THE PROBLEM. Could you retype the records word for word but without any pictures?
= = = = =
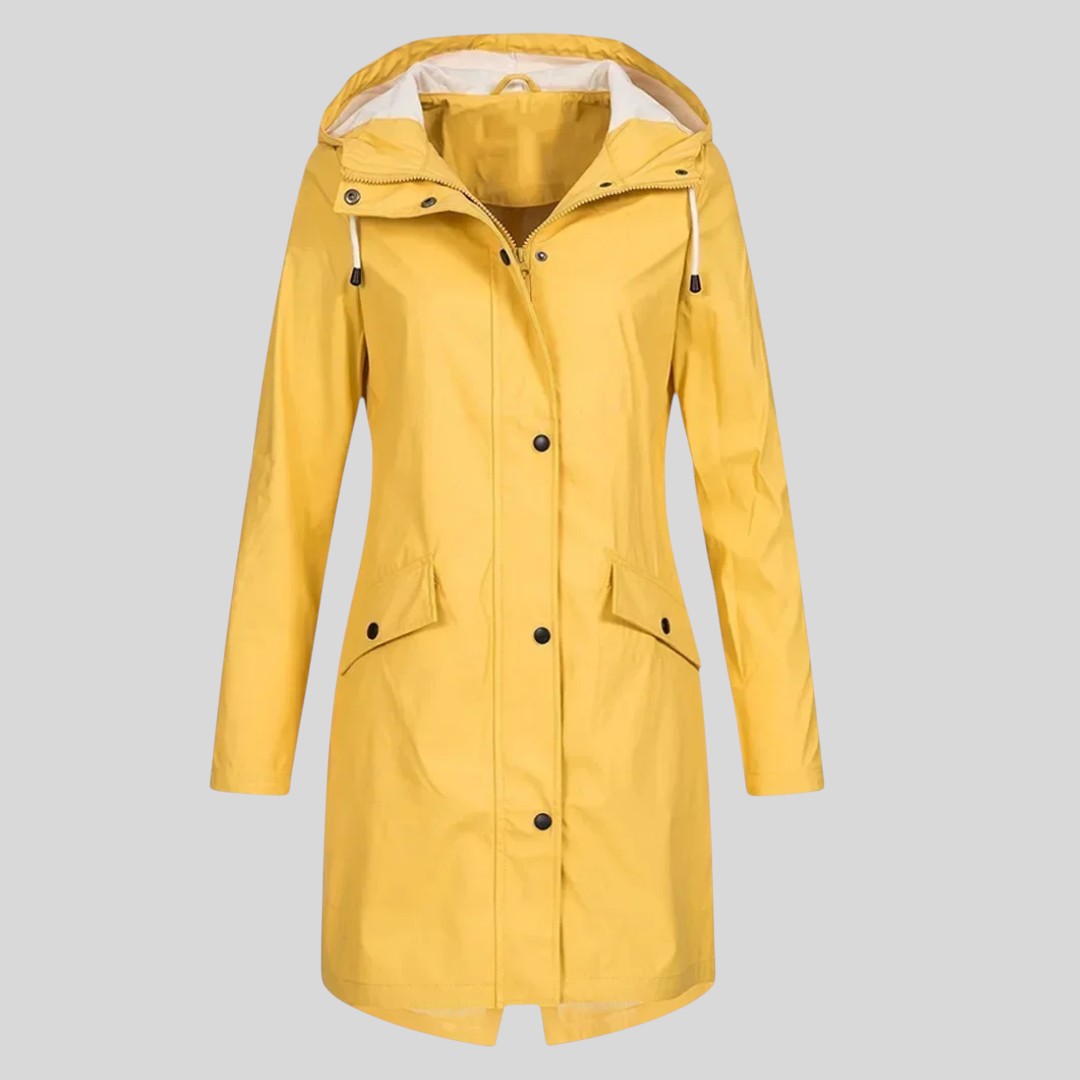 Marinela™ - Водоустойчиво яке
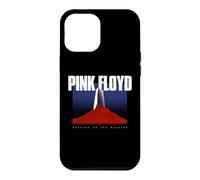 Carcasa para iPhone 12 Pro MAX Pink Floyd WYWH50 Bienvenido al monolito de la máquina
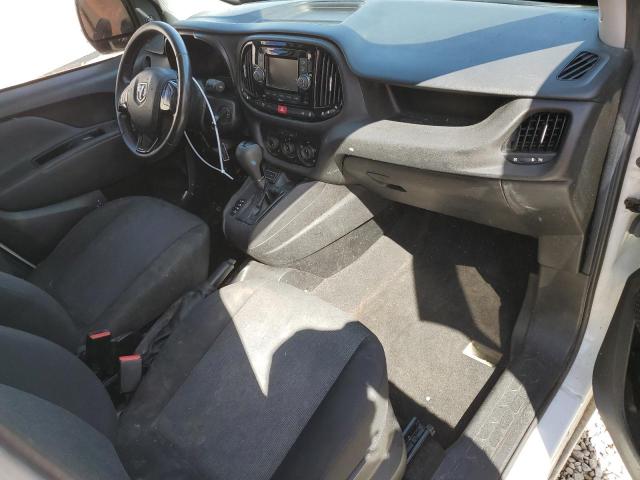 ZFBERFBB4J6H93899 - 2018 RAM PROMASTER SLT WHITE photo 8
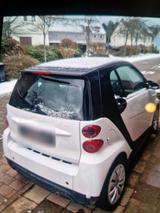 Smart kleinwangen - Smart Roadster: Sportwagen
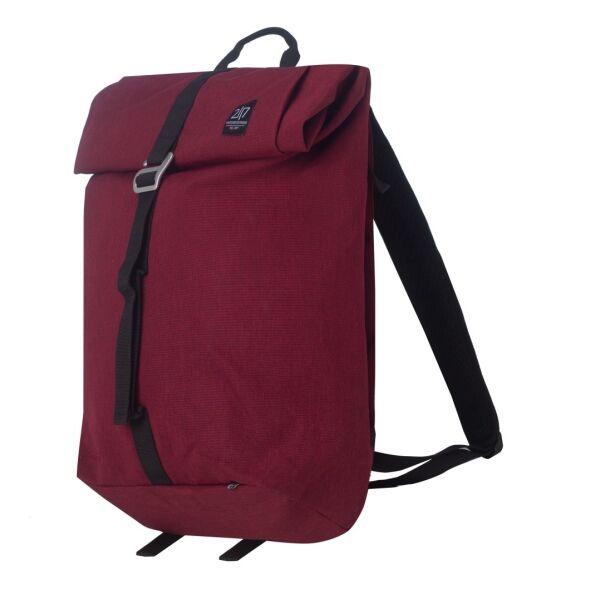 2117 BACKPACK 30L Městský rolovací batoh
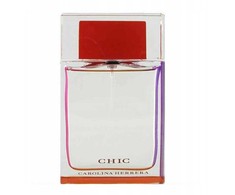 Carolina Herrera Chic for Women 80ml kvepalai Moterims Testeris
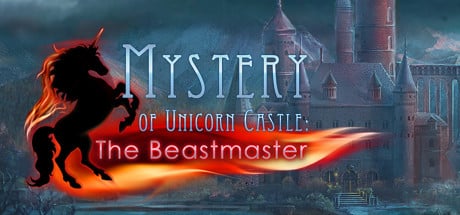 Mystery of Unicorn Castle: The Beastmaster game banner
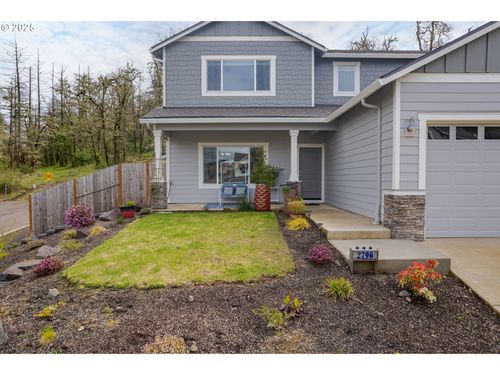 2796 Cascara Dr, Eugene, OR, 97403-2583 | Card Image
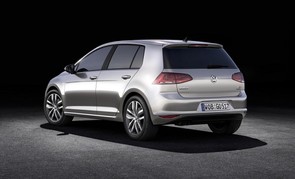 Value of my 141 Golf?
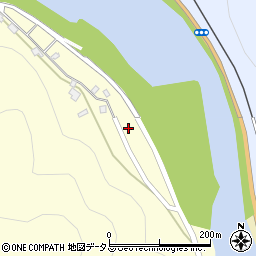 岡山県高梁市玉川町玉234周辺の地図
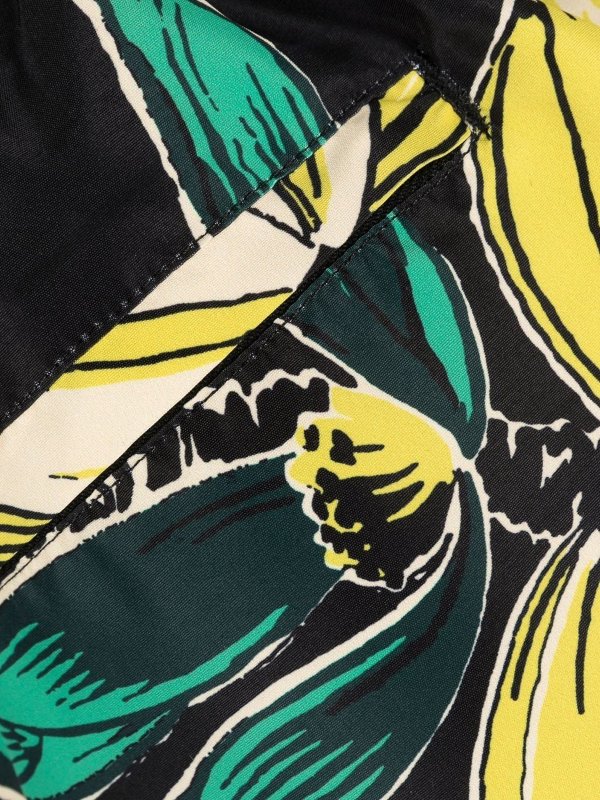 iKRIX PAUL SMITH: shorts - Men short banana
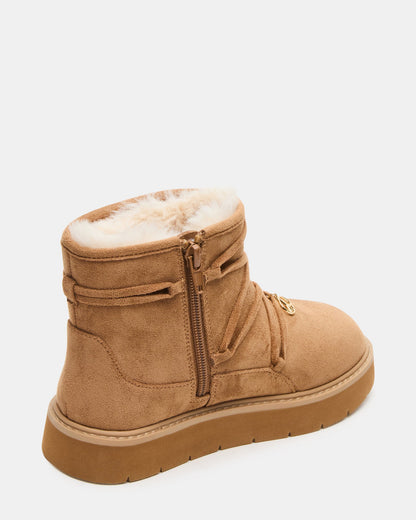 KIDS' SIGMA COGNAC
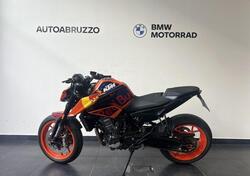 KTM 790 Duke (2018 - 20) usata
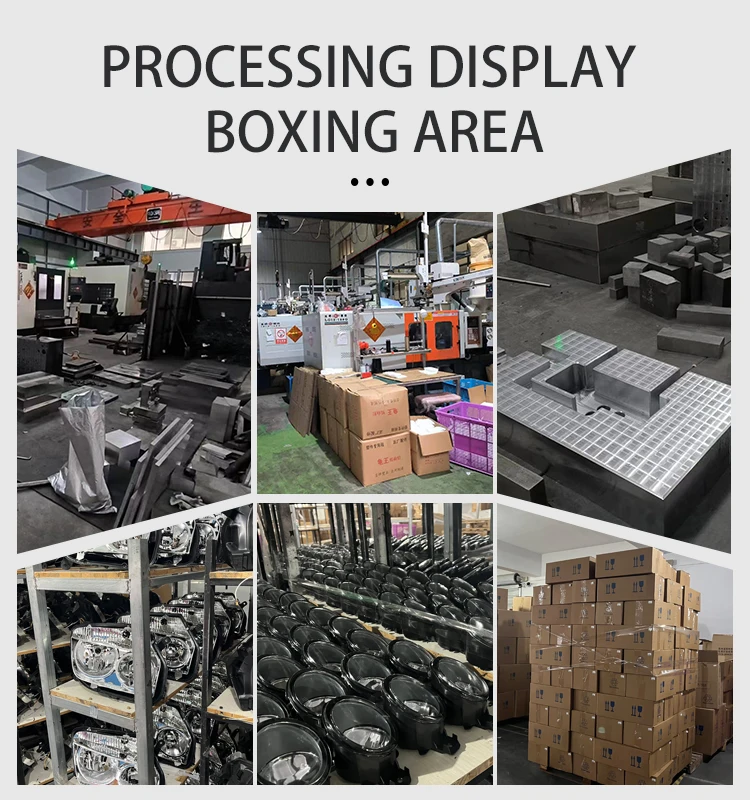 Automatic Headlight Lighting Auto Lamp For Renault Sandero 2008-2012 Head Lamp For Car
= = = = =
TASK SOLUTION.
 Marinela™ - Водоустойчиво яке
 Carcasa para iPhone 12 Pro MAX Pink Floyd WYWH50 Bienvenido al monolito de la máquina
 ZFBERFBB4J6H93899 - 2018 RAM PROMASTER SLT WHITE photo 8
 Smart kleinwangen - Smart Roadster: Sportwagen
 2117 BACKPACK 30L Městský rolovací batoh
 Carolina Herrera Chic for Women 80ml kvepalai Moterims Testeris
 Mystery of Unicorn Castle: The Beastmaster game banner
 2796 Cascara Dr, Eugene, OR, 97403-2583 | Card Image
 Value of my 141 Golf?
 岡山県高梁市玉川町玉234周辺の地図
 iKRIX PAUL SMITH: shorts - Men short banana
 KIDS' SIGMA COGNAC
 KTM 790 Duke (2018 - 20) usata
 Automatic Headlight Lighting Auto Lamp For Renault Sandero 2008-2012 Head Lamp For Car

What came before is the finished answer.